Source files in EpyNN/epynn/dropout/.

See Appendix - Notations for mathematical conventions.

Layer architecture

Dropout

A Dropout layer k is an object used for regularization of a Neural Network model and aiming at diminishing the overfitting of the model to the training data. It takes a drop_prob and axis argument upon instantiation. The first describes the probability to drop - set to zero - input values forwarded to the next layer k+1 while the latter selects the axes on which the operation should be applied.

class epynn.dropout.models.Dropout(drop_prob=0.5, axis=())[source]

Bases: epynn.commons.models.Layer

Definition of a dropout layer prototype.

Parameters
  • drop_prob (float, optional) – Probability to drop one data point from previous layer to next layer, defaults to 0.5.

  • axis (int or tuple[int], optional) – Compute and apply dropout mask along defined axis, defaults to all axis.

Shapes

Dropout.compute_shapes(A)[source]

Wrapper for epynn.dropout.parameters.dropout_compute_shapes().

Parameters

A (numpy.ndarray) – Output of forward propagation from previous layer.

def dropout_compute_shapes(layer, A):
    """Compute forward shapes and dimensions from input for layer.
    """
    X = A    # Input of current layer

    layer.fs['X'] = X.shape    # (m, .. )
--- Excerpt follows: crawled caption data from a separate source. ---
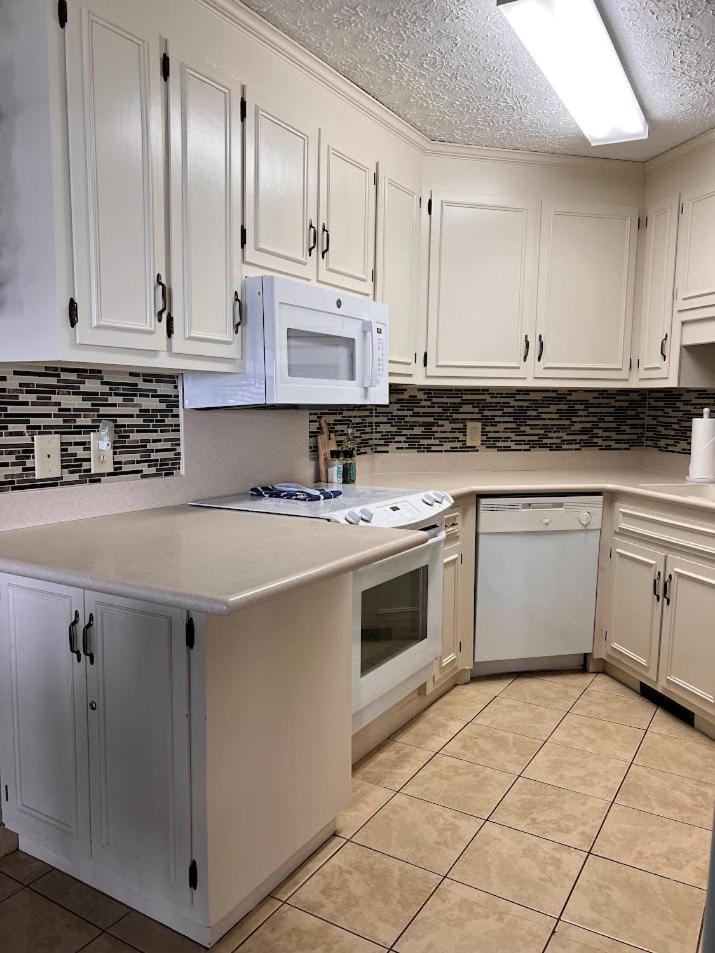Elegant Coastal Getaway Spacious 3Br Chelsea House Myrtle Beach Eksteriør billede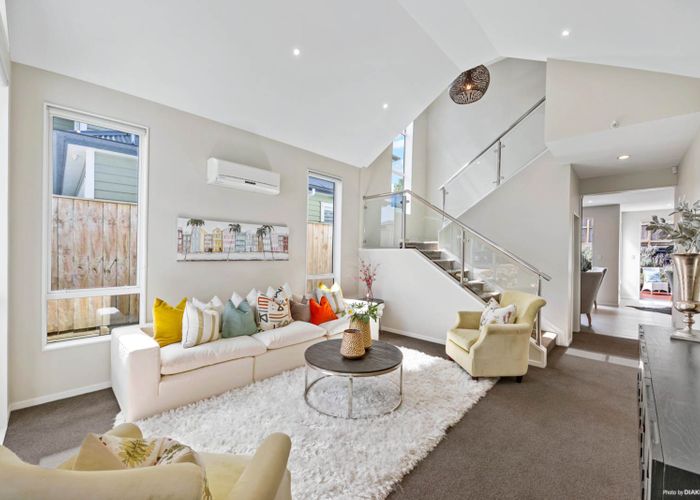  at 11 Shelby Lane, Flat Bush, Auckland
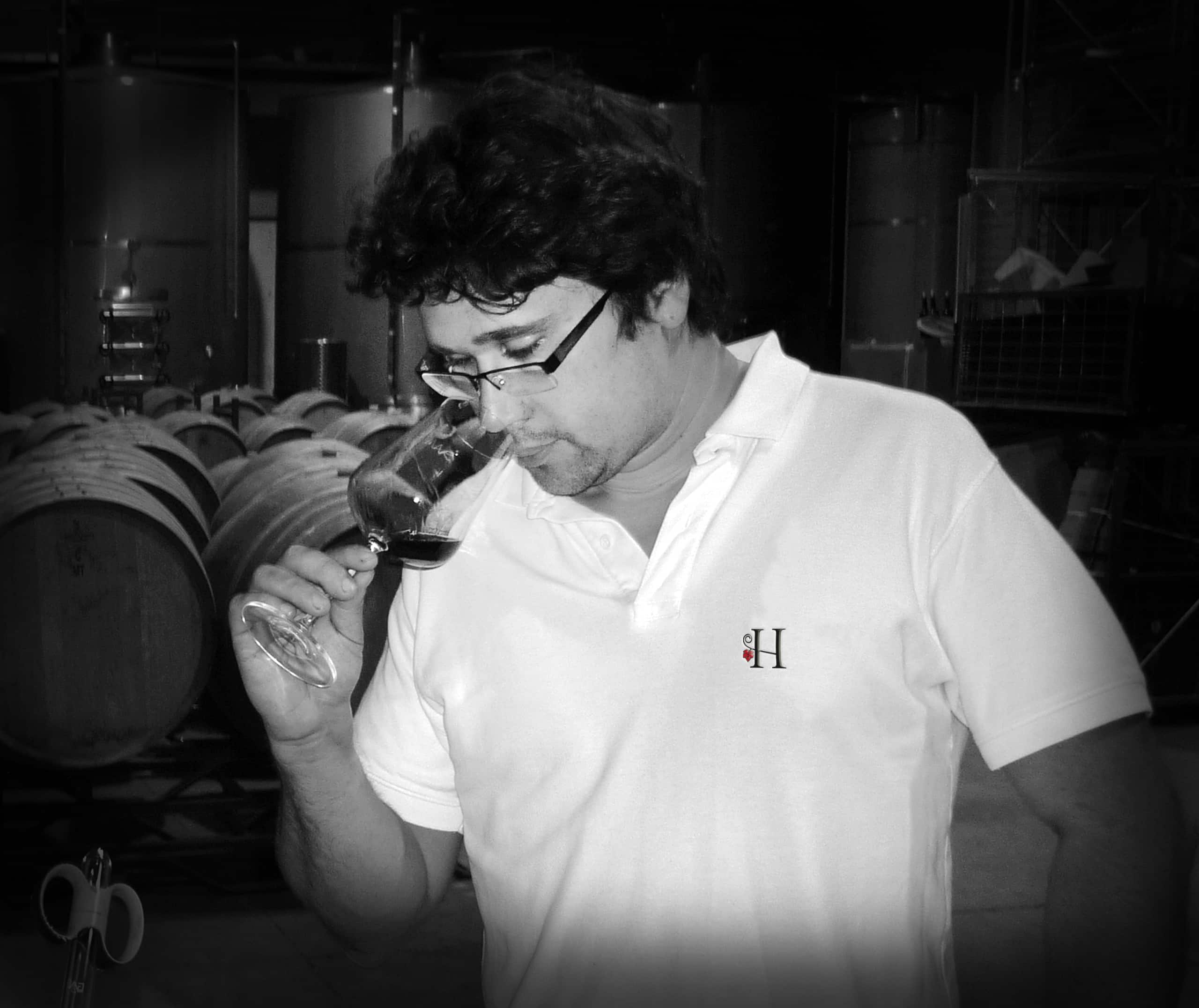 Carlos Hemar catando vino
    layer.d['m'] = layer.fs['X'][0]          # Number of samples  (m)
    layer.d['n'] = X.size // layer.d['m']    # Number of features (n)

    # Shape for dropout mask
    layer.fs['D'] = [1 if ax in layer.d['a'] else layer.fs['X'][ax]
                     for ax in range(X.ndim)]

    return None

Within a Dropout layer, shapes of interest include:

  • Input X of shape (m, …) with m equal to the number of samples. The number of input dimensions is unknown a priori.

  • The number of features n per sample can still be determined formally: it is equal to the size of the input X divided by the number of samples m.

  • The shape of the dropout mask D defined by the user-defined axes a.

Note that:

  • The Dropout operation is applied on all axis by defaults. Given an input of shape (m, …), the shape of the dropout mask is therefore identical with default settings.

  • For input X of shape (m, n) and axis=(1), the shape of D is equal to (m, 1). The Dropout operation will set to zero entire columns instead of single values but still with respect to drop_prob.

Forward

Dropout.forward(A)[source]

Wrapper for epynn.dropout.forward.dropout_forward().

Parameters

A (numpy.ndarray) – Output of forward propagation from previous layer.

Returns

Output of forward propagation for current layer.

Return type

numpy.ndarray

def dropout_forward(layer, A):
    """Forward propagate signal to next layer.
    """
    # (1) Initialize cache
    X = initialize_forward(layer, A)

    # (2) Generate dropout mask
    D = layer.np_rng.uniform(0, 1, layer.fs['D'])

    # (3) Apply a step function with respect to drop_prob (k)
    D = layer.fc['D'] = (D > layer.d['d'])

    # (4) Drop data points
    A = X * D

    # (5) Scale up signal
    A /= (1 - layer.d['d'])

    return A    # To next layer

The forward propagation function in a Dropout layer k includes:

  • (1): Input X in current layer k is equal to the output A of previous layer k-1.

  • (2): Generate the dropout mask D from random uniform distribution.

  • (3): Evaluate each value in D against the dropout probability d. Values in D lower than d are set to 0 while others are set to 1.

  • (4): A is the product between input X and dropout mask D. In words, values in A are set to 0 with respect to dropout probability d.

  • (5): Values in A are scaled-up with respect to fraction of data points that were set to zero by the dropout mask D.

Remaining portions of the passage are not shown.